Some of this album's influences have been stated here before: post-punk's debt to Can is well known and documented, and Russellk has mentioned how The Orb and other of the more experimental and progressive groups of EDM's '90's heyday namecheck these krautrockers as well. Probably the most sweeping influence that this record specifically has wrought, however, is in essentially founding industrial music via "Aumgn" and "Peking O". White Noise, Kluster, and Suicide are fellow pioneers of a style they had no idea they were actually minting, but, as evidenced by John Lydon naming Can the supreme influence for Public Image Ltd., it is clear what the cornerstone of the genre is. This connection is the reason why the conclusion that industrial is a twisted descendant of psychedelia is as correct as the more general conclusion that industrial is essentially just the breakaway dark side of electronica. As well, Can hangs majorly over most pronk bands, mainly This Heat and Cardiacs, with particularly strong connections to the former, by way of This Heat cutting "Deceit", their own concept album about the bomb.

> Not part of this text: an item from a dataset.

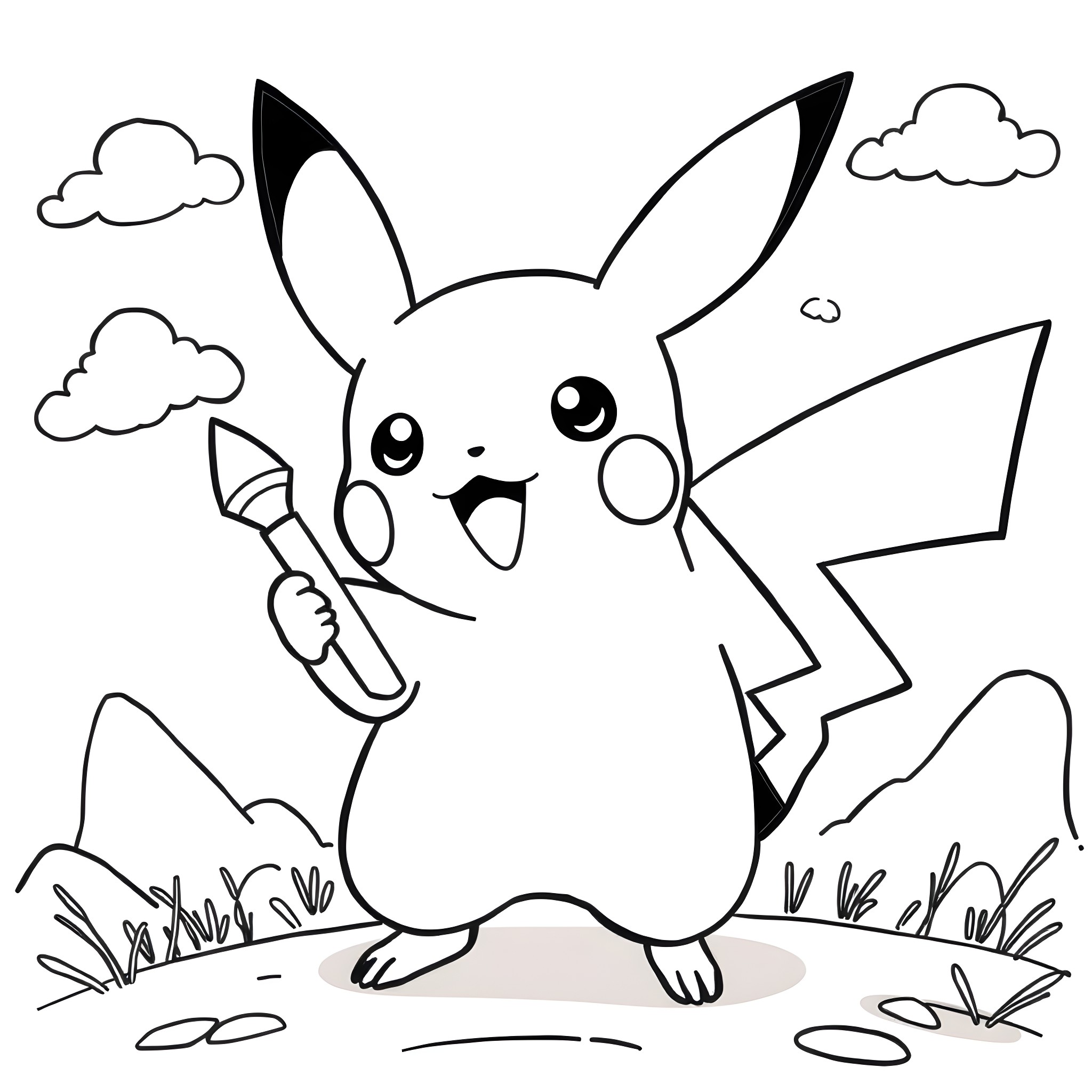 Pikachu playing with a pencil in the outdoors Coloring Page (free black-and-white line drawing printable PDF for all, from beginners to advanced learners, including children, teens, adults, and seniors)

But most importantly, "Tago Mago" is simply a masterpiece. Can just broke so many barriers here in all the best ways, and for it are krautrock's most named, loved, and influential band. The playing - especially Liebizeit's drums and Damo's vocals - are top notch. This is one of krautrock's quintessential albums due to its wide range of experimentation and unique quality, though as such it is not in any way by the books as far as the genre is concerned - those who got turned off the genre due to this record shouldn't be so disheartened. But for the adventurous among us, this is a required listen, and a pinnacle of all experimental and art music, and all prog.